Have you ever had to load a dataset that was so memory consuming that you wished a magic trick could seamlessly take care of that? Large datasets are increasingly becoming part of our lives, as we are able to harness an ever-growing quantity of data.

We have to keep in mind that in some cases, even the most state-of-the-art configuration won't have enough memory space to process the data the way we used to do it. That is the reason why we need to find other ways to do that task efficiently. In this blog post, we are going to show you how to generate your data on multiple cores in real time and feed it right away to your deep learning model.

This tutorial will show you how to do so on the GPU-friendly framework PyTorch, where an efficient data generation scheme is crucial to leverage the full potential of your GPU during the training process.

Tutorial

Previous situation

Before reading this article, your PyTorch script probably looked like this:

# Load entire dataset
X, y = torch.load('some_training_set_with_labels.pt')

# Train model
for epoch in range(max_epochs):
    for i in range(n_batches):
        # Local batches and labels
        local_X, local_y = X[i*n_batches:(i+1)*n_batches,], y[i*n_batches:(i+1)*n_batches,]

        # Your model
        [...]

or even this:

# Unoptimized generator
training_generator = SomeSingleCoreGenerator('some_training_set_with_labels.pt')

# Train model
for epoch in range(max_epochs):
    for local_X, local_y in training_generator:
        # Your model
        [...]

This article is about optimizing the entire data generation process, so that it does not become a bottleneck in the training procedure.

In order to do so, let's dive into a step by step recipe that builds a parallelizable data generator suited for this situation. By the way, the following code is a good skeleton to use for your own project; you can copy/paste the following pieces of code and fill the blanks accordingly.

Notations

Before getting started, let's go through a few organizational tips that are particularly useful when dealing with large datasets.

Let ID be the Python string that identifies a given sample of the dataset. A good way to keep track of samples and their labels is to adopt the following framework:

Create a dictionary called partition where you gather:
- in partition['train'] a list of training IDs
- in partition['validation'] a list of validation IDs
Create a dictionary called labels where for each ID of the dataset, the associated label is given by labels[ID]

For example, let's say that our training set contains id-1, id-2 and id-3 with respective labels 0, 1 and 2, with a validation set containing id-4 with label 1. In that case, the Python variables partition and labels look like:

>>> partition
{'train': ['id-1', 'id-2', 'id-3'], 'validation': ['id-4']}

and

>>> labels
{'id-1': 0, 'id-2': 1, 'id-3': 2, 'id-4': 1}

Also, for the sake of modularity, we will write PyTorch code and customized classes in separate files, so that your folder looks like:

folder/
├── my_classes.py
├── pytorch_script.py
└── data/

where data/ is assumed to be the folder containing your dataset.

Finally, it is good to note that the code in this tutorial is aimed at being general and minimal, so that you can easily adapt it for your own dataset.

Dataset

Now, let's go through the details of how to set the Python class Dataset, which will characterize the key features of the dataset you want to generate.

First, let's write the initialization function of the class.
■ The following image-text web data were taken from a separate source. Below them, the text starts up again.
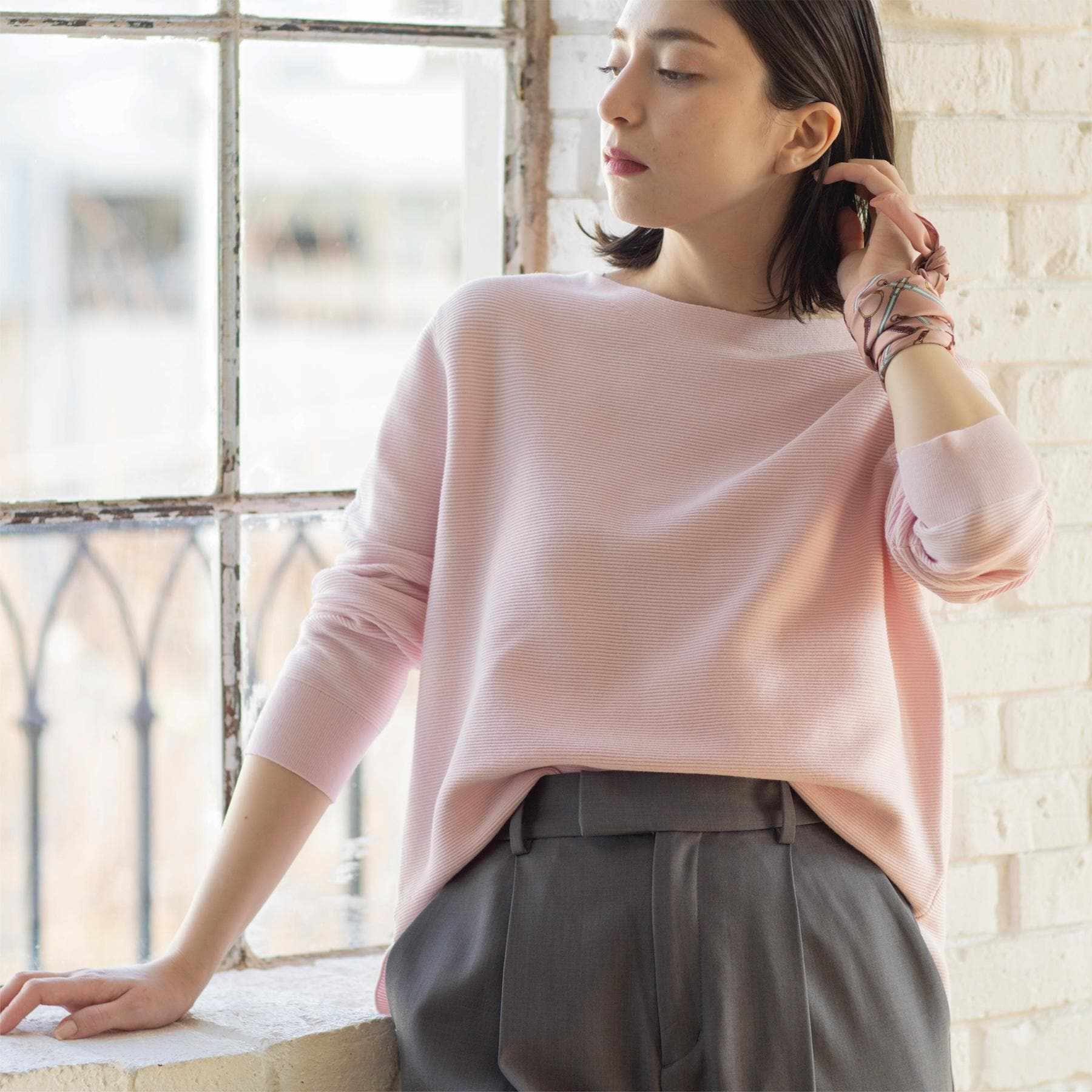 オペーク ドット クリップ OPAQUE.CLIP UV ボートネックガーターニット／オーガニックコットン混【洗濯機OK】《6col》 （ライトピンク(070)） ライトピンク(070)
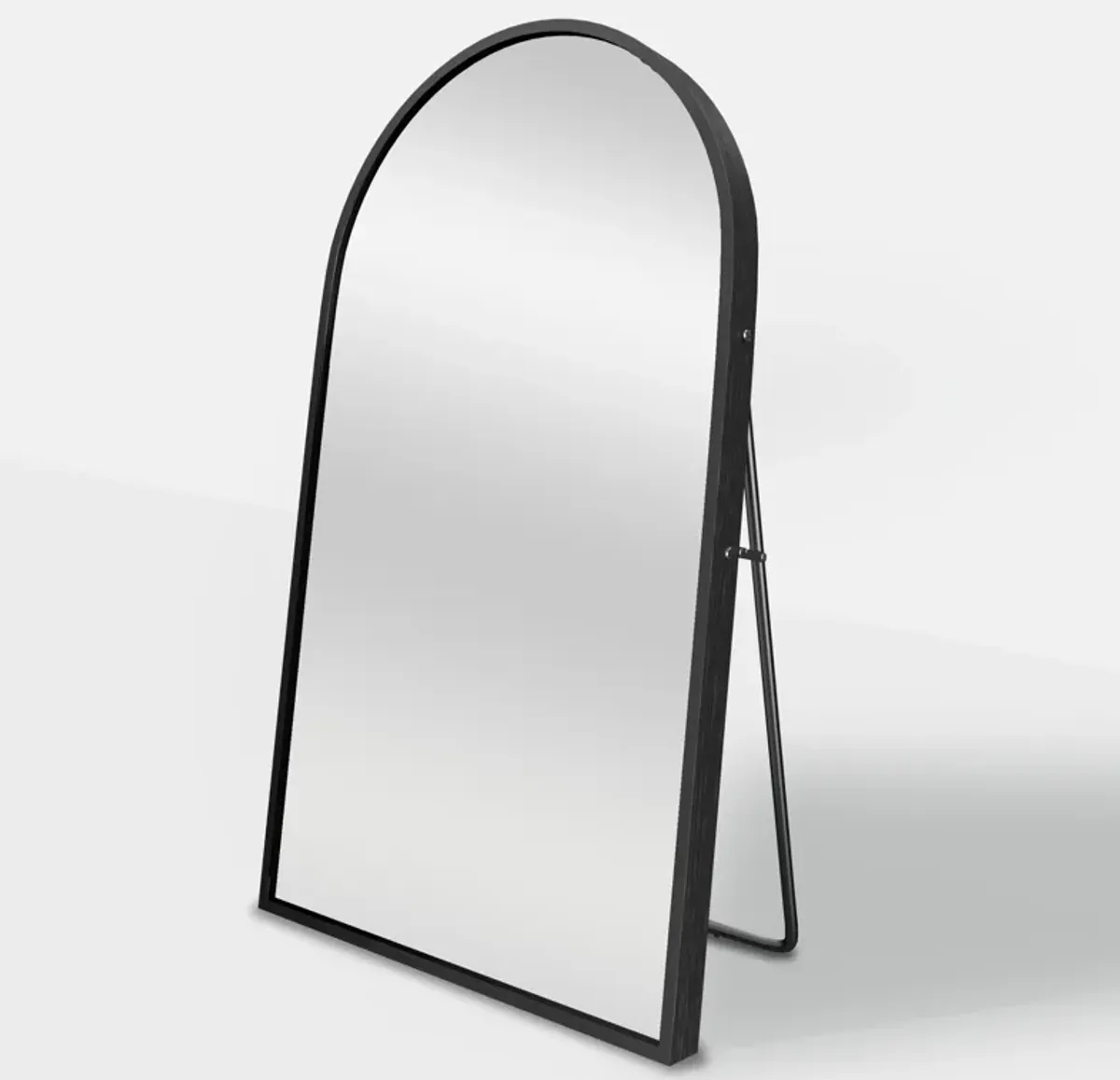 67*40 Modern Arched Black Aluminum Alloy Framed Full Length Mirror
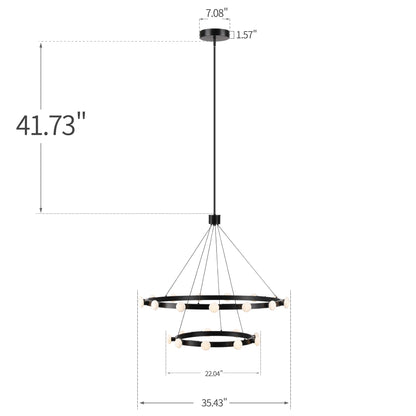 Kuzco Lighting Rezz Collection | 90W LED Chandelier - Black Finish 35.5" Wide🏰🌌✨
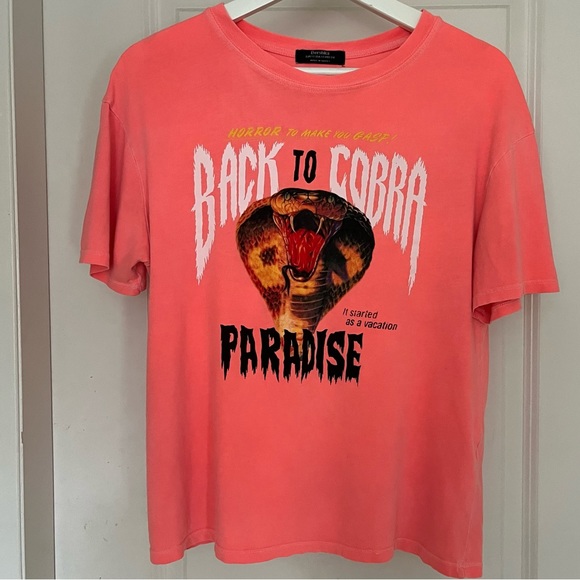 Neon peach/orange snake (cobra) t shirt. Size XS made in turkey. 100% cotton - Picture 6 of 10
We make the latter inherit the properties of torch.utils.data.Dataset so that we can later leverage nice functionalities such as multiprocessing.

def __init__(self, list_IDs, labels):
    'Initialization'
    self.labels = labels
    self.list_IDs = list_IDs

There, we store important information such as labels and the list of IDs that we wish to generate at each pass.

Each call requests a sample index for which the upperbound is specified in the __len__ method.

def __len__(self):
    'Denotes the total number of samples'
    return len(self.list_IDs)

Now, when the sample corresponding to a given index is called, the generator executes the __getitem__ method to generate it.

def __getitem__(self, index):
    'Generates one sample of data'
    # Select sample
    ID = self.list_IDs[index]

    # Load data and get label
    X = torch.load('data/' + ID + '.pt')
    y = self.labels[ID]

    return X, y

During data generation, this method reads the Torch tensor of a given example from its corresponding file ID.pt.
Since our code is designed to be multicore-friendly, note that you can do more complex operations instead (e.g. computations from source files) without worrying that data generation becomes a bottleneck in the training process.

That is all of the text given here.